BEGIN

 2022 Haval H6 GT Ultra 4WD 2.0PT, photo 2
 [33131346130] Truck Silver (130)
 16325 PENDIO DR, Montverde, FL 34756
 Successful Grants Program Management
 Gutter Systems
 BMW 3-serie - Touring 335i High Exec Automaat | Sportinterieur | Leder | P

END
BEGIN

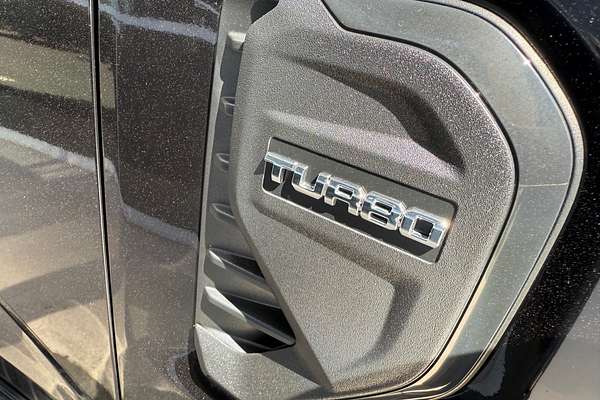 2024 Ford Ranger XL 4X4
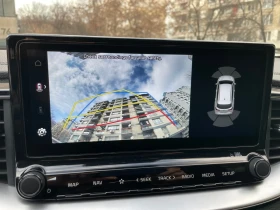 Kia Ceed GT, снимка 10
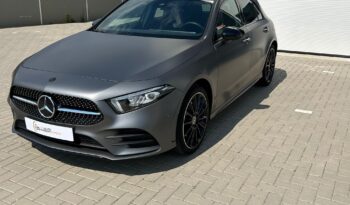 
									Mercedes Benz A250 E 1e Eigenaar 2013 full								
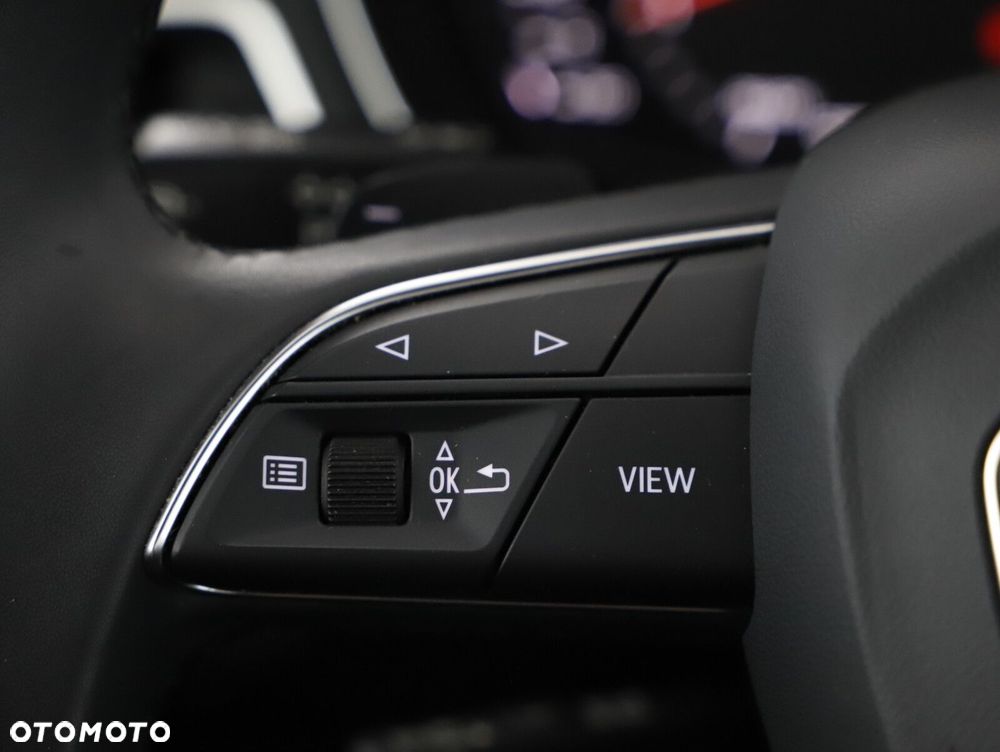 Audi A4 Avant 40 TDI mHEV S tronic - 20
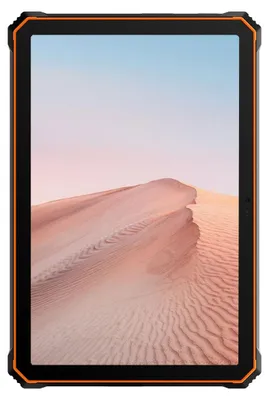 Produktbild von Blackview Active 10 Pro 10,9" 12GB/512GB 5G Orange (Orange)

END

-- Instructions to follow --
Reproduce, character for character, only the lines of the preceding data that start at the line with "2022 Haval H6 GT Ultra 4WD 2.0PT, photo 2" and end at the line with "BMW 3-serie - Touring", both included.

-- Solved exercise --
 2022 Haval H6 GT Ultra 4WD 2.0PT, photo 2
 [33131346130] Truck Silver (130)
 16325 PENDIO DR, Montverde, FL 34756
 Successful Grants Program Management
 Gutter Systems
 BMW 3-serie - Touring 335i High Exec Automaat | Sportinterieur | Leder | P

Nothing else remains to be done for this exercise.